While these small companies may initially appear safeguarded from amended H-1B guidelines, that’s not always the case. Since the visa process operates on a lottery basis, Duolingo has far fewer chances to have applicants selected than a large firm.
Duolingo filed 29 labor condition applications with the U.S. Department of Labor between 2014 and 2016, according to Myvisajobs.com, a Los Angeles-based website that compiles employer applications to the federal government.
The labor condition applications are documents in the H-1B process used to gauge a firm’s compensation rate. The rate should be equal to or greater than the domestic “prevailing wage” in that occupation. That figure is set by the labor department to ensure that cheap, foreign labor is not pushing out American workers and to provide fair compensation to visa holders.
But the Department of Labor typically certifies more than three times the number of foreign work requests than the number of H-1B visas actually issued by U.S. Citizenship and Immigration Services, according to Bill Zhao, founder and CEO of Myvisajobs.com. So 29 labor condition applications may equate to just 10 H-1B-sponsored employees.
Compare that to the 43,794 applications that Indian IT giant Tata Consultancy Services filed between 2014 and 2016. The company, which offers consulting and digital solutions, recently donated $35 million to CMU for a new campus building focused on STEM innovation and hopes to bring its own employees into the Pittsburgh region.
Ms.

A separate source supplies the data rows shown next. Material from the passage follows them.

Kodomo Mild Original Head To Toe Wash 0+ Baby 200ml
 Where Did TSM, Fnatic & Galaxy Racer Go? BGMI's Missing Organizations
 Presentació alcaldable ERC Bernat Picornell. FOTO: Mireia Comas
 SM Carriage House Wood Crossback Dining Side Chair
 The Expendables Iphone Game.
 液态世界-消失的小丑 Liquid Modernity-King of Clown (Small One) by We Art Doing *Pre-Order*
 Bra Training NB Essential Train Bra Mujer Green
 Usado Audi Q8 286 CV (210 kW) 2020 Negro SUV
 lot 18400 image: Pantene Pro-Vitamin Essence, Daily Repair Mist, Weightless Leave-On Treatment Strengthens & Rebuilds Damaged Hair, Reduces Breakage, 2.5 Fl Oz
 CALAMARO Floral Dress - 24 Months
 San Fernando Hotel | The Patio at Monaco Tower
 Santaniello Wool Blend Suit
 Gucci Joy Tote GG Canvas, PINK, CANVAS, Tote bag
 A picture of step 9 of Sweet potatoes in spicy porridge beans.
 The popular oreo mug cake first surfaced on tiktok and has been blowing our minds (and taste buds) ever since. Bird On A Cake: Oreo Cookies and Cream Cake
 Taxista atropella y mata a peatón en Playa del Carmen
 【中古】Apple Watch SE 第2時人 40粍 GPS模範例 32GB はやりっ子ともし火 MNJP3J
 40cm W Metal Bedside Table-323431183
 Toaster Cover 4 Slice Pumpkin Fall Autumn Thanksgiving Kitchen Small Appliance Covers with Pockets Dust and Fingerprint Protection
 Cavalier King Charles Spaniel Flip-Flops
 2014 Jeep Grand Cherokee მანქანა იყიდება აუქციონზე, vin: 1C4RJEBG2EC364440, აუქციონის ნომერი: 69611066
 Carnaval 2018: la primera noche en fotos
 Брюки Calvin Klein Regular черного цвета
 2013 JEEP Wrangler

Raetsch said Duolingo depends on H-1B visa employees, most of whom have roles in software engineering or research and development.
“If the tech industry is going to succeed in Pittsburgh, then tech companies here need to recruit the best talent from around the world,” Ms. Raetsch said.
Rajesh Gopinathan, CEO of Tata Consultancy Services, believes that it would be a loss if the H-1B visa acquisition process changed dramatically.
“Quite frankly, I think that view will prevail over time,” he said after Thursday’s groundbreaking ceremony for TCS Hall. “We have great trust in the U.S. system because it is fair and honest.”